START PROVIDED DATA

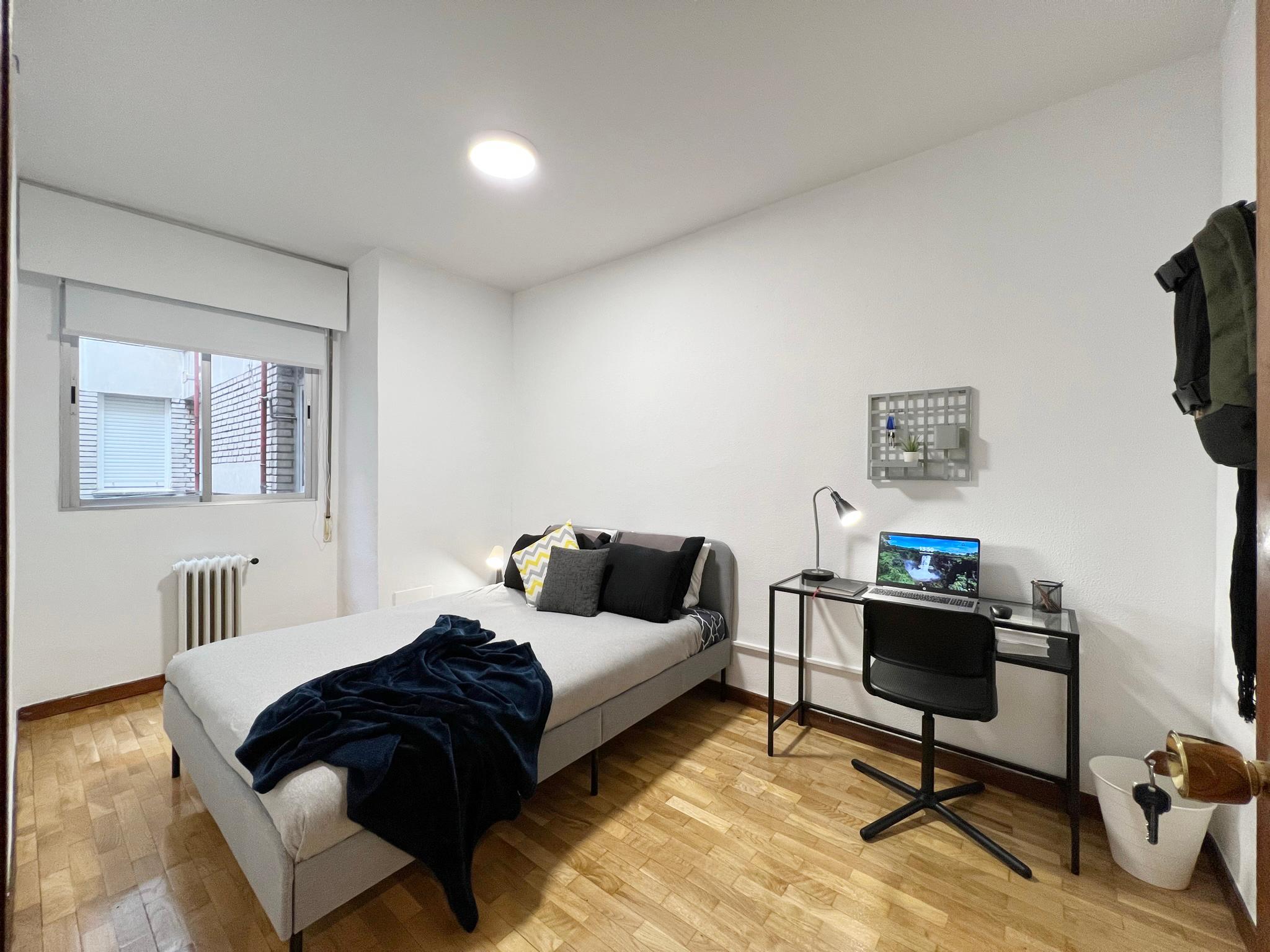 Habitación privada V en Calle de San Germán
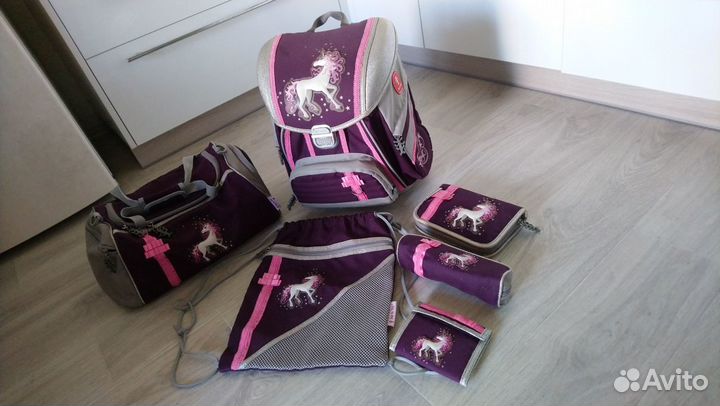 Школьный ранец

END PROVIDED DATA
START PROVIDED DATA

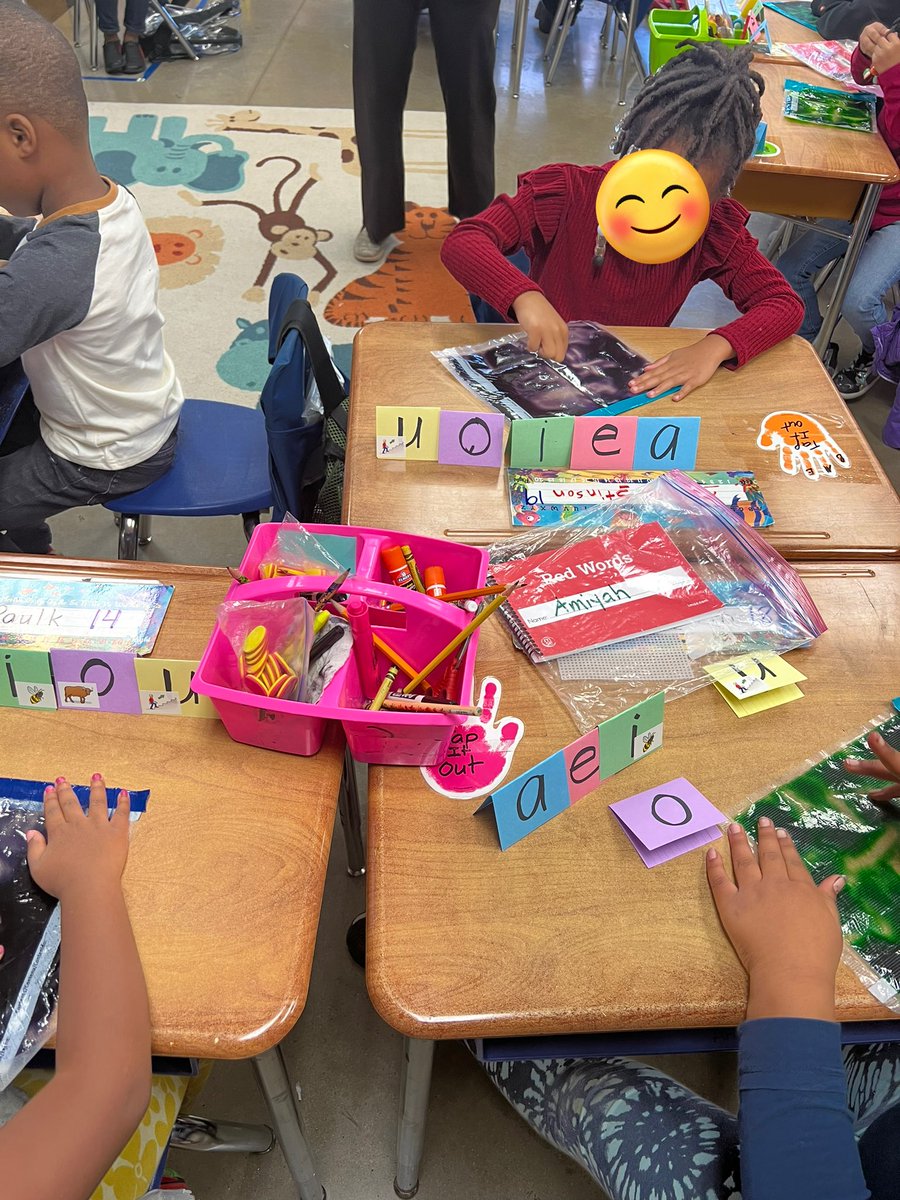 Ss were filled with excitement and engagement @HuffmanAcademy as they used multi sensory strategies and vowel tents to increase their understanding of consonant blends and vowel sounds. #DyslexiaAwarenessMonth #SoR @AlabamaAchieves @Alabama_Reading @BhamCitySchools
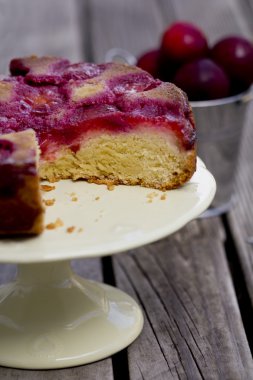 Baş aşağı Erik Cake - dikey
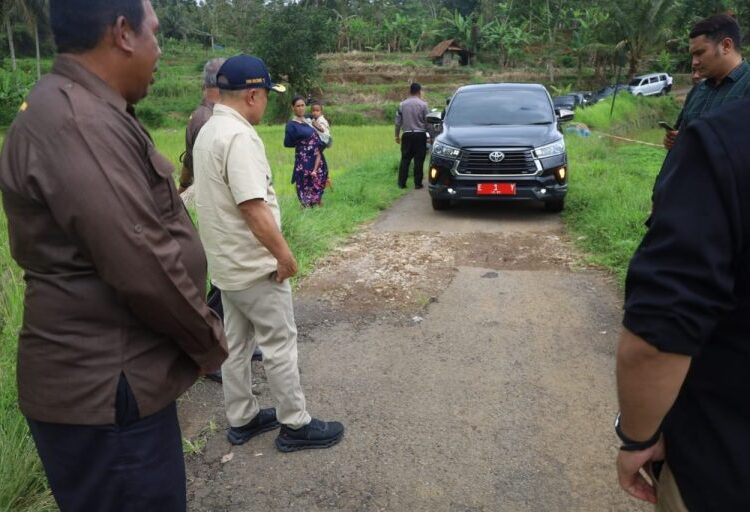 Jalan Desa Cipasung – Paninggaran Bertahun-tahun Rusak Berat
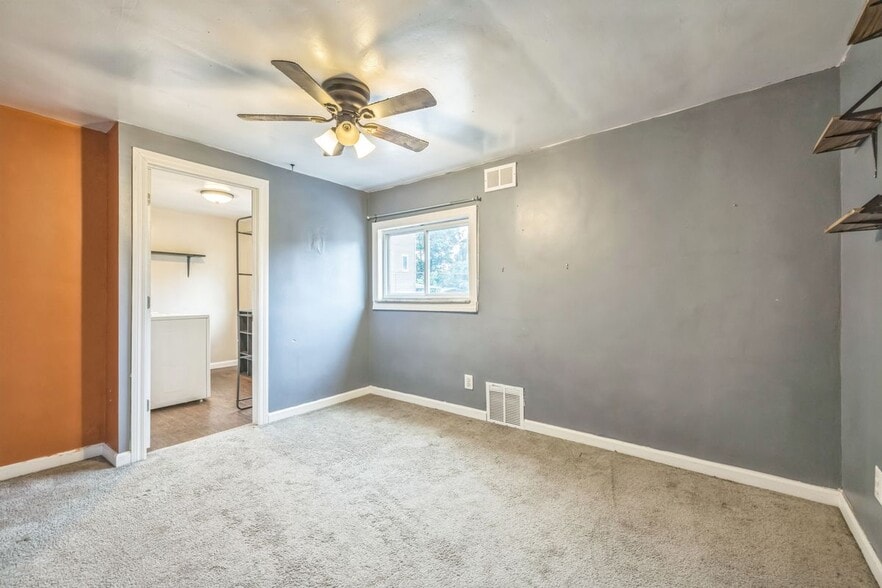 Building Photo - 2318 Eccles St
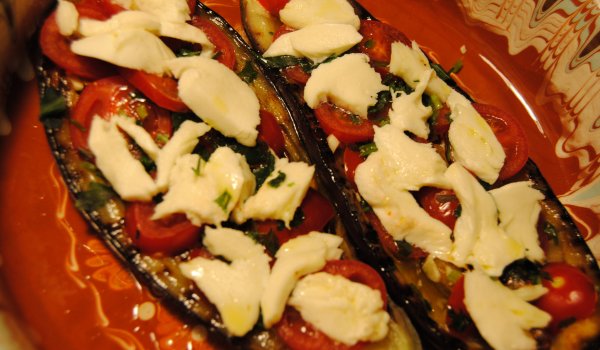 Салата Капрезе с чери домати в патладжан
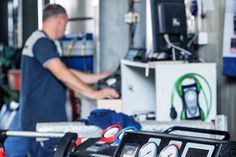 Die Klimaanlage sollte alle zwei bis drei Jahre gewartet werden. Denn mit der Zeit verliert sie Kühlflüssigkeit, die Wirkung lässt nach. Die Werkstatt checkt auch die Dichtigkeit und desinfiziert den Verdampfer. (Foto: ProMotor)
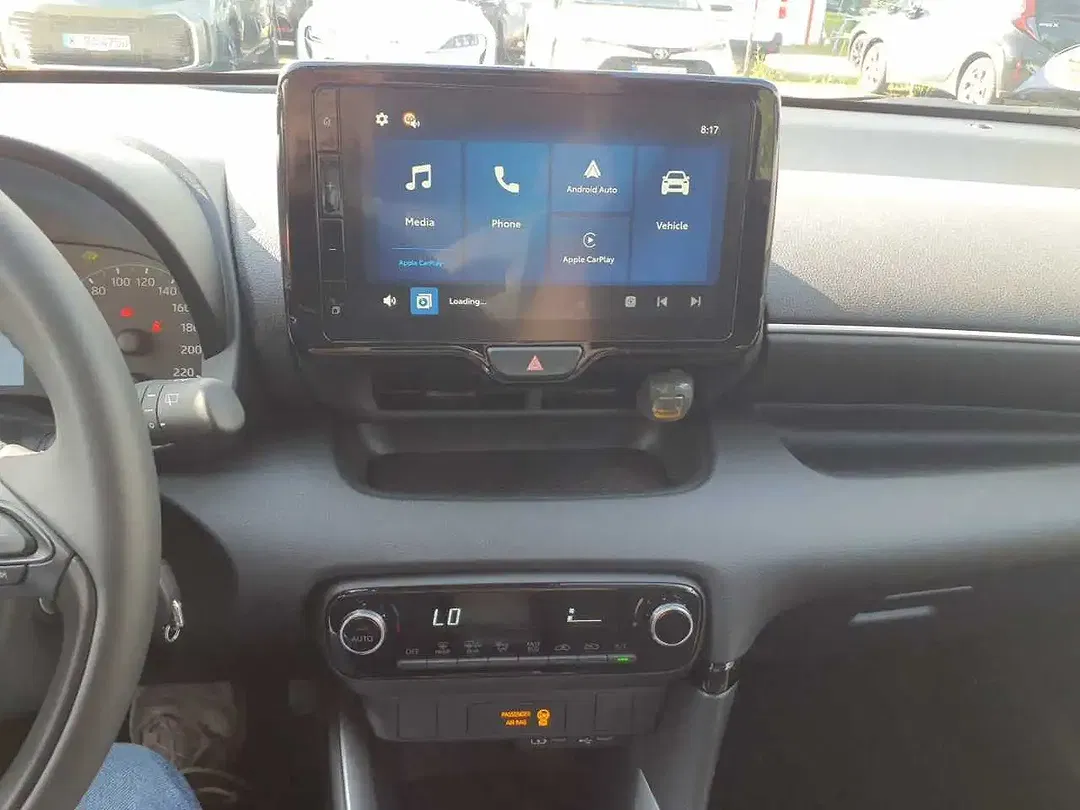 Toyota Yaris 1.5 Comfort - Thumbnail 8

END PROVIDED DATA

PROBLEM TO SOLVE = Would you please repeat only the lines above, beginning at the one that has "Building Photo - 2318 Eccles St" and stopping after the one that has "Салата Капрезе с чери домати в патладжан", exactly and with no pictures?

SOLUTION TO THIS PROBLEM =
 Building Photo - 2318 Eccles St
 Салата Капрезе с чери домати в патладжан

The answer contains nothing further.